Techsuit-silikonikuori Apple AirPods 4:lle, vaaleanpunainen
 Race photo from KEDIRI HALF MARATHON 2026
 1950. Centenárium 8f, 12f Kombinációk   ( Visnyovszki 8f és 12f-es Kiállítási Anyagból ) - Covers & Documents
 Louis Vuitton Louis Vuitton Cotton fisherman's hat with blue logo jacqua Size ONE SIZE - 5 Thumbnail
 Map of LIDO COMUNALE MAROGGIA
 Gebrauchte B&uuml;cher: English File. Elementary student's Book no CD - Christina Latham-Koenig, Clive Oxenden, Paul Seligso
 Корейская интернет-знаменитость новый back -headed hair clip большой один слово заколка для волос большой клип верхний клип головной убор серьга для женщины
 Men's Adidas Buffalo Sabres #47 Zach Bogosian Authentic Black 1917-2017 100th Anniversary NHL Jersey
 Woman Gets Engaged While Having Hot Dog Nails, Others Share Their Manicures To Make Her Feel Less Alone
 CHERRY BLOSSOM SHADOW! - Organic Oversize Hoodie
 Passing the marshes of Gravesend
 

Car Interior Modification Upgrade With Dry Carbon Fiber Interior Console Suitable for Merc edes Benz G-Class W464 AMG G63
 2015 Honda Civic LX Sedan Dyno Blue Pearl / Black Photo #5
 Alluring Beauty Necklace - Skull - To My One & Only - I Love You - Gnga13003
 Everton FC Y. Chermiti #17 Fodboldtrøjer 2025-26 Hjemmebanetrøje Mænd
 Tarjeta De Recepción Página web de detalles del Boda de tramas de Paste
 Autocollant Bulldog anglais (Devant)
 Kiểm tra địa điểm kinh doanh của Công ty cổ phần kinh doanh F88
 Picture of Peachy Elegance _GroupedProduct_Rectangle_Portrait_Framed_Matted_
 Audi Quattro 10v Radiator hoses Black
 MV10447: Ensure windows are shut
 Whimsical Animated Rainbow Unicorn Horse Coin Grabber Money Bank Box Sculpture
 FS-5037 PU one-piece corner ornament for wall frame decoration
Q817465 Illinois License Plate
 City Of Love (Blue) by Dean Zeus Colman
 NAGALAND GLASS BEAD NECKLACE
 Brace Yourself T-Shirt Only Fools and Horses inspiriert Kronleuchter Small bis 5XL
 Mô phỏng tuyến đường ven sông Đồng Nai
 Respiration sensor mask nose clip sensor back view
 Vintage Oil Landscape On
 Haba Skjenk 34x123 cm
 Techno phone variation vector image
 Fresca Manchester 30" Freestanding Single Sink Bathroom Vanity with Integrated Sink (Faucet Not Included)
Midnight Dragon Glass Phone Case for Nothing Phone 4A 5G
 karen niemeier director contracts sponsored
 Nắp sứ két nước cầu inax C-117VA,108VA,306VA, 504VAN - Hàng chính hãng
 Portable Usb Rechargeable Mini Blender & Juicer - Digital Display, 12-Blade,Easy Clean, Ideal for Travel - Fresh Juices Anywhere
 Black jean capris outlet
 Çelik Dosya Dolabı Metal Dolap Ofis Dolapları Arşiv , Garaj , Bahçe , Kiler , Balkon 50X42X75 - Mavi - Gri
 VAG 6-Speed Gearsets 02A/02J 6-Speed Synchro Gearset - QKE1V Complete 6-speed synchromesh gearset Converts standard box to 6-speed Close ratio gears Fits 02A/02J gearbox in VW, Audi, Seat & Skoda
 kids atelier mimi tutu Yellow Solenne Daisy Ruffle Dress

☆ ☆ ☆

● TASK DETAILS: May I have exactly the lines from the one containing "karen niemeier director contracts sponsored" through the last line of the data, both included?

● YOUR SOLUTION:
 karen niemeier director contracts sponsored
 Nắp sứ két nước cầu inax C-117VA,108VA,306VA, 504VAN - Hàng chính hãng
 Portable Usb Rechargeable Mini Blender & Juicer - Digital Display, 12-Blade,Easy Clean, Ideal for Travel - Fresh Juices Anywhere
 Black jean capris outlet
 Çelik Dosya Dolabı Metal Dolap Ofis Dolapları Arşiv , Garaj , Bahçe , Kiler , Balkon 50X42X75 - Mavi - Gri
 VAG 6-Speed Gearsets 02A/02J 6-Speed Synchro Gearset - QKE1V Complete 6-speed synchromesh gearset Converts standard box to 6-speed Close ratio gears Fits 02A/02J gearbox in VW, Audi, Seat & Skoda
 kids atelier mimi tutu Yellow Solenne Daisy Ruffle Dress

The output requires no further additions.